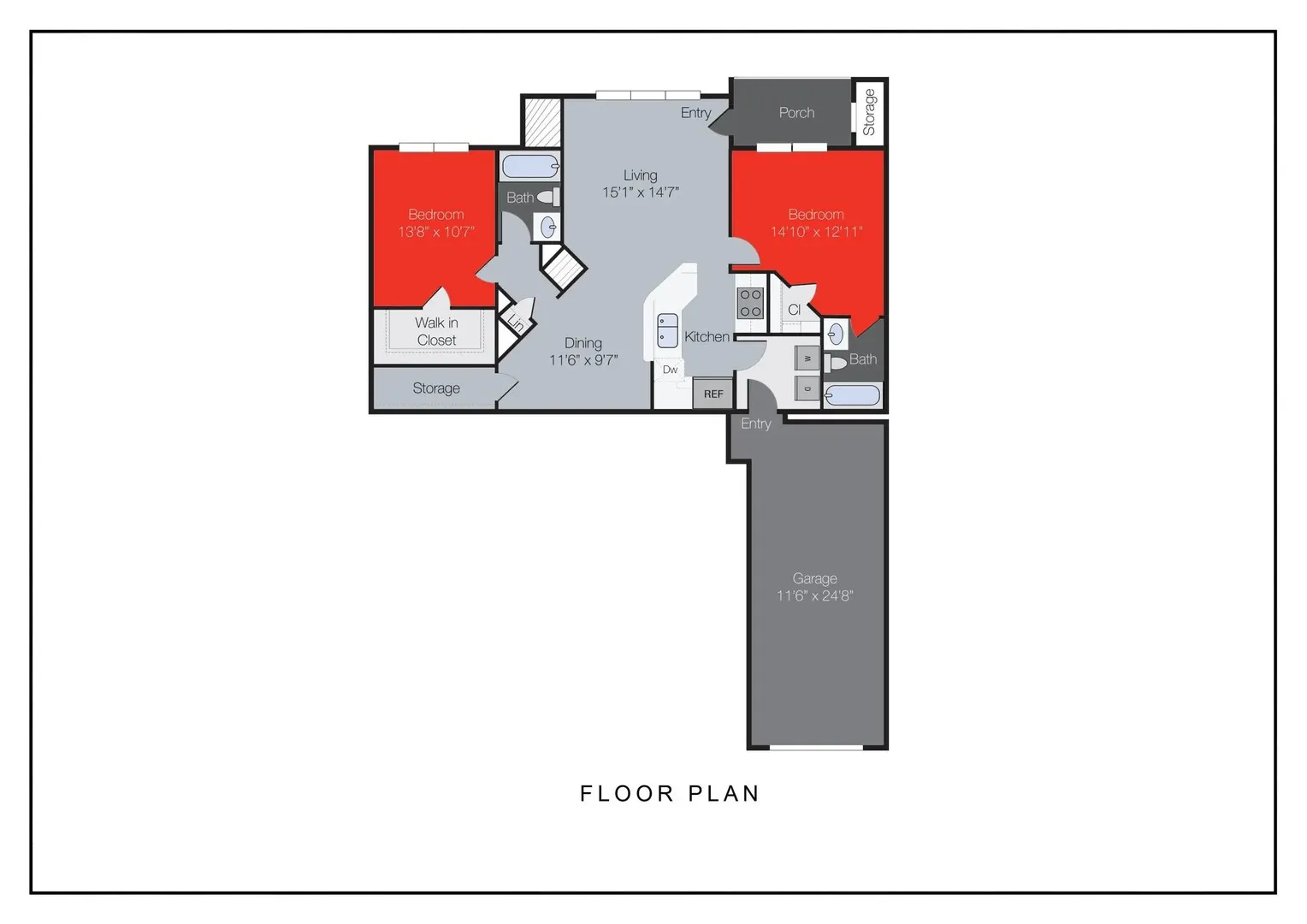 459 Chopin Ct, ,  60189, USA 60189-unit#459-Wheaton-IL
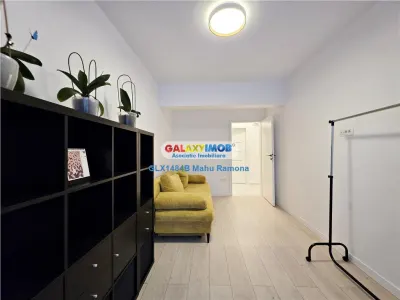 Apartament 3 camere Popești-Leordeni - poza 13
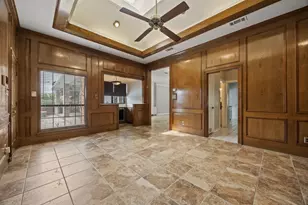 521 Shoreview Dr, Rockwall, TX 75087 - Photo 19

##########

> **REQUIRED WORK**
Nothing but the pictures may be dropped; restate the material word for word.

> **ANSWER TO THIS EXERCISE**
 459 Chopin Ct, ,  60189, USA 60189-unit#459-Wheaton-IL
 Apartament 3 camere Popești-Leordeni - poza 13
 521 Shoreview Dr, Rockwall, TX 75087 - Photo 19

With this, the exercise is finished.